==== Information supplied
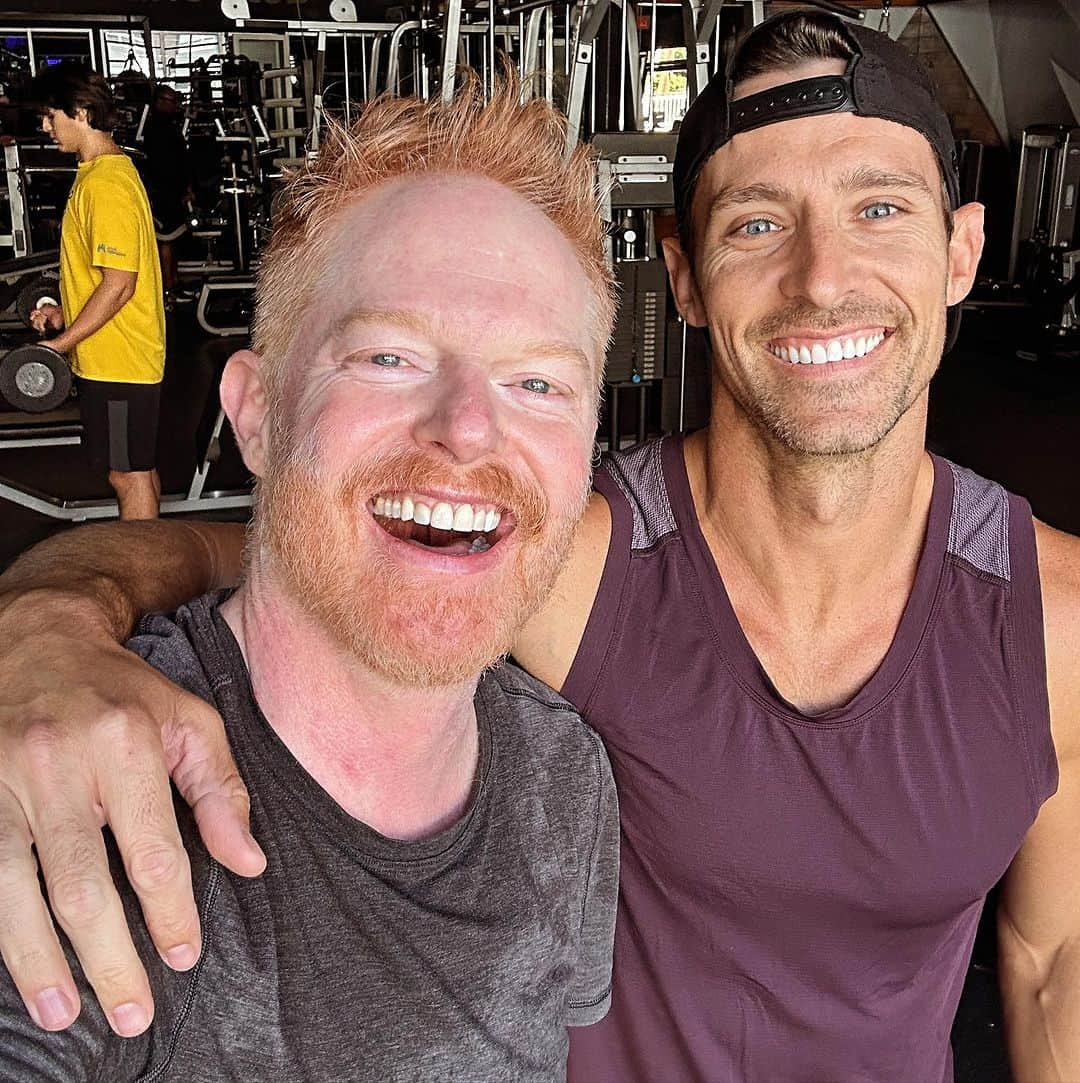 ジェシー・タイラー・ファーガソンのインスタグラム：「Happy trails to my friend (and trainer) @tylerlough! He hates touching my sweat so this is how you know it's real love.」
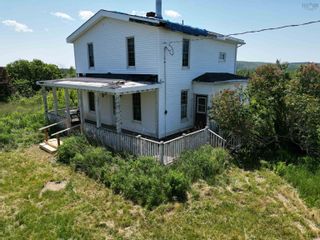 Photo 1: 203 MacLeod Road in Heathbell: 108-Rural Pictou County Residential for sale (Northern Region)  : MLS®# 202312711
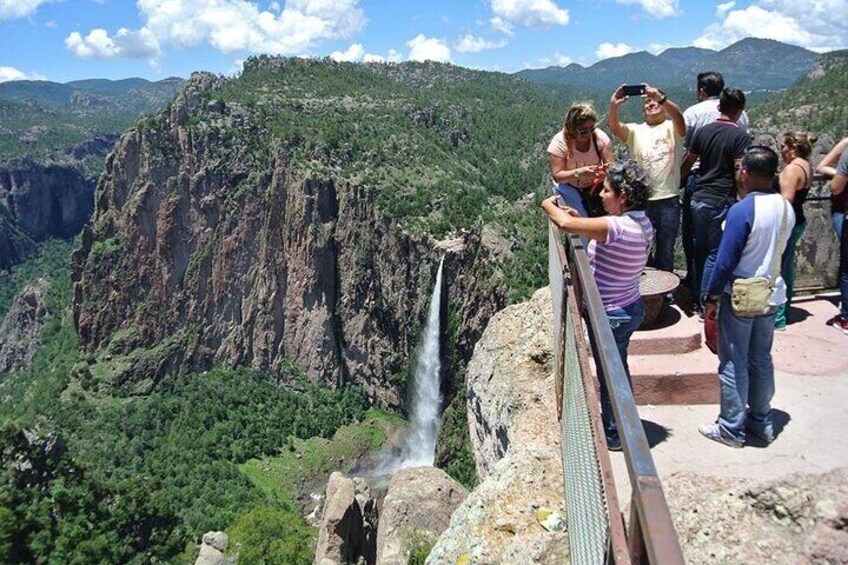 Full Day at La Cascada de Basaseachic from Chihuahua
========
> [Action item]:
Write out everything in the data word for word. Omit each picture.

> [Task output]:
 ジェシー・タイラー・ファーガソンのインスタグラム：「Happy trails to my friend (and trainer) @tylerlough! He hates touching my sweat so this is how you know it's real love.」
 Photo 1: 203 MacLeod Road in Heathbell: 108-Rural Pictou County Residential for sale (Northern Region)  : MLS®# 202312711
 Full Day at La Cascada de Basaseachic from Chihuahua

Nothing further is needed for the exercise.